Left-Right Brain Pingpong
A University of Michigan psychology lab has identified key features of a brain rhythm that helps the brain’s left and right hemispheres communicate better, according to a study in the journal Cell Reports.
The researchers call this rhythm “splines,” because the brain waves resemble the interlocking teeth of gears. “Spline rhythms … are like the left and right brains playing a game of very fast — and very precise — pingpong,” says lead author and professor Omar Ahmed. “[It] represents a fundamentally different way for the left brain and right brain to talk to each other.” Splines occur during REM sleep and during movement, becoming even more precise at faster running speeds. “This is likely to help the left brain and right brain compute more cohesively and rapidly when an animal is moving faster and needs to make faster decisions,” says U-M doctoral student Megha Ghosh.
The researchers also discovered that spline rhythms are strongest in the retrosplenial cortex, which is one of the first brain regions to become impaired in people with Alzheimer’s disease — a finding that may soon help doctors identify the disease in early stages.
All in the Tusk
One mastodon skeleton unearthed in 1998 near Fort Wayne, Indiana, is helping scientists determine mastodons’ annual migration patterns from millennia ago.
A group of researchers from the University of Michigan and two other Midwest universities analyzed samples from layers of the mastodon’s tusk to reveal changes in the animal’s environment throughout its lifetime. This led to the discovery that, once fully grown, the mastodon migrated annually to a particular summer mating ground in northeastern Indiana.
“The growth and development of the animal, as well as its history of changing land use and changing behavior, … is captured and recorded in the structure and composition of the tusk,” says U-M paleontologist and project co-leader Daniel Fisher.
The study, published in the Proceedings of the National Academy of Sciences, is the first to document annual migration of an individual animal from an extinct species.
Predicting the Next Pandemic
Researchers at Michigan State University have been awarded $2.7 million by the National Institutes of Health to further develop artificial intelligence algorithms that can predict how viruses will evolve. The team’s models have already made accurate predictions about new COVID-19 variants, including omicron.

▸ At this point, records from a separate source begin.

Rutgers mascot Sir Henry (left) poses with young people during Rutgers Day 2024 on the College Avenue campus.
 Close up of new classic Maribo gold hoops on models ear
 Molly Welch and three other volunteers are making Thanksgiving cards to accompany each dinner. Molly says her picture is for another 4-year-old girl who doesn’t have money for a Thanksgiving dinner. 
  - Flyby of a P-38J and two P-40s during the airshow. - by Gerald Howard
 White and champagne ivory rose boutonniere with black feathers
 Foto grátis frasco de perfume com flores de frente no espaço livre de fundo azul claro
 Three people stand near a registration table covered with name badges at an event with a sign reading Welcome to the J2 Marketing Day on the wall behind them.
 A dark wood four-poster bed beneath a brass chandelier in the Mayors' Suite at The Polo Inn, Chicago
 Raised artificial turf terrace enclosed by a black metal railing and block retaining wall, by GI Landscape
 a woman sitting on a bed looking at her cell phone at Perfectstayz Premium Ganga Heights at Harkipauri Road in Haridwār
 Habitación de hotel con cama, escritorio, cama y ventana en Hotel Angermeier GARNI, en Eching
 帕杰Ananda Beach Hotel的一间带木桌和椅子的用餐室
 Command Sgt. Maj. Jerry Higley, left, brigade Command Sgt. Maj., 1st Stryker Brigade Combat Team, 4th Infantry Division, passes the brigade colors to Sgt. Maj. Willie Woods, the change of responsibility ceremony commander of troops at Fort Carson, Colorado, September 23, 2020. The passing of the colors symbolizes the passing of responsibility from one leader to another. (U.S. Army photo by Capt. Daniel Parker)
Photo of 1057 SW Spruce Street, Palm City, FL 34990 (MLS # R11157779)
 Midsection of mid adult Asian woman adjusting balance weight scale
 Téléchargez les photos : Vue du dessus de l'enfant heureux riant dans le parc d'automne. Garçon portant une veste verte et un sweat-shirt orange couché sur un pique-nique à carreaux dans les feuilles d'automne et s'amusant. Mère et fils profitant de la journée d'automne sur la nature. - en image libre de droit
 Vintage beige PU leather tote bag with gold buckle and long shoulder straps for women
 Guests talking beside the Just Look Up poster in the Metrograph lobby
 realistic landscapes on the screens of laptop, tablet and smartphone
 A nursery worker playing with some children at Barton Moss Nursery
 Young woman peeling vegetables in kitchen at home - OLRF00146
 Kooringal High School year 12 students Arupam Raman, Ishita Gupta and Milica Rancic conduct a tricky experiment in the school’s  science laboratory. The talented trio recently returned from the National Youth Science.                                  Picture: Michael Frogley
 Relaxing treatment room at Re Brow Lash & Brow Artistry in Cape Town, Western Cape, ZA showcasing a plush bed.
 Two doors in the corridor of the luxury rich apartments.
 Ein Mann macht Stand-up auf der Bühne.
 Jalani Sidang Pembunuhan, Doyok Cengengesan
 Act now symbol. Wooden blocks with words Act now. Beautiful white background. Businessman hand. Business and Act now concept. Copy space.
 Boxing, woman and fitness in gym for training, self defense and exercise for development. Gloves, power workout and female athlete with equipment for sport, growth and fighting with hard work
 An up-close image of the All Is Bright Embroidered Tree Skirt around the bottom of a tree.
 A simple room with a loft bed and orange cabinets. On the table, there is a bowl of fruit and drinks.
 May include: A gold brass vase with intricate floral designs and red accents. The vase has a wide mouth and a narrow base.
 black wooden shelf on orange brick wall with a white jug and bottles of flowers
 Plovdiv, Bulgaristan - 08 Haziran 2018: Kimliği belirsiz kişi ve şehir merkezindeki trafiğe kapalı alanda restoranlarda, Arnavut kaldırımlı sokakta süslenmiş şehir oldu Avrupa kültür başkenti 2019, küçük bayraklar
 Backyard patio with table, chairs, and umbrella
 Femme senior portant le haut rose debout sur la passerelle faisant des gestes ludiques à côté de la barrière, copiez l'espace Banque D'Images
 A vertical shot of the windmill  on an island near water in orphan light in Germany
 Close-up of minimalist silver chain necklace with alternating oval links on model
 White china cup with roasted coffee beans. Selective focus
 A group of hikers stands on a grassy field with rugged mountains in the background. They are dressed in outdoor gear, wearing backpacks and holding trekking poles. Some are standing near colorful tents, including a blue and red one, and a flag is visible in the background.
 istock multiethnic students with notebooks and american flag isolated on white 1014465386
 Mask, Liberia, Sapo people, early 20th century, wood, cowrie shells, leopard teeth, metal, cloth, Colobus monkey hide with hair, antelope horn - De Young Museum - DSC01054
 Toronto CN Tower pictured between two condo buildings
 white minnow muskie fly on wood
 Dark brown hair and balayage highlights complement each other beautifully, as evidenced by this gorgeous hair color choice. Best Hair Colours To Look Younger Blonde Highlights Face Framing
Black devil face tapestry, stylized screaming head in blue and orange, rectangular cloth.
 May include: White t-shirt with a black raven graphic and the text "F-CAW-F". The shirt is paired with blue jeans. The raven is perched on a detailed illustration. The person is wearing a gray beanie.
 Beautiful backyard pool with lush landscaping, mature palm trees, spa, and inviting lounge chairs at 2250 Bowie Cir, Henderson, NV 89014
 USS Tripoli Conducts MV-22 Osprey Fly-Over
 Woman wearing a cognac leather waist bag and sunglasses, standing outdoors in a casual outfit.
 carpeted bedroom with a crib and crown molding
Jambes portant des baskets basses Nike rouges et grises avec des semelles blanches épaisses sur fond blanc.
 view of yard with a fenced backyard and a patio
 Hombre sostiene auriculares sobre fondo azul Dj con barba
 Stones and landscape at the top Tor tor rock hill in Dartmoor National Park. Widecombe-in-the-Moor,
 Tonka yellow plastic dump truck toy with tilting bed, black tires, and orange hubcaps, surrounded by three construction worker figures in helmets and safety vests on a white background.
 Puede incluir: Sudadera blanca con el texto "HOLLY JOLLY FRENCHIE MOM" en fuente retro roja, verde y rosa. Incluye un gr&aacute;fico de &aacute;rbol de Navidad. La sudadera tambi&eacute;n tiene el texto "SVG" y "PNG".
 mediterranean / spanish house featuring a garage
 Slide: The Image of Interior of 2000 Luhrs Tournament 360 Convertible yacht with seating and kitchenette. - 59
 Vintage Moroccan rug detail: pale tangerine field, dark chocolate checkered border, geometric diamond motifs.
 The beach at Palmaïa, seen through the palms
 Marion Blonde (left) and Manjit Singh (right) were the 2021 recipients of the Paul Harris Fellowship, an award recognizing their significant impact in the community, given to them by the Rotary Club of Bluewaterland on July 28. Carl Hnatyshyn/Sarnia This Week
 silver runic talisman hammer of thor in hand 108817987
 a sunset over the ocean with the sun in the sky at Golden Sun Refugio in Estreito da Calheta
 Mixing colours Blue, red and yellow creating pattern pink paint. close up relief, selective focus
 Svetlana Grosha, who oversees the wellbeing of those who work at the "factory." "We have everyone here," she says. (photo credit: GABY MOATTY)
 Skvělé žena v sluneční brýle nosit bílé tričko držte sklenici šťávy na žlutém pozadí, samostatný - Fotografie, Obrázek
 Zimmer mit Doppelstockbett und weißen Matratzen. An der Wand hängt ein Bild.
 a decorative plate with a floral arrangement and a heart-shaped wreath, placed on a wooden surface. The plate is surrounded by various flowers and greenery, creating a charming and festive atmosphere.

“What we’re doing is making our predictions more accurate and more timely,” says Guowei Wei, a professor of biochemistry and molecular biology at MSU. “And now our work isn’t just for COVID but also for many other viral infections.”
These algorithms could someday help with the creation of universal vaccines and medicines that are more effective against a variety of viral diseases, such as the flu, COVID, HIV, and Ebola — even as they evolve.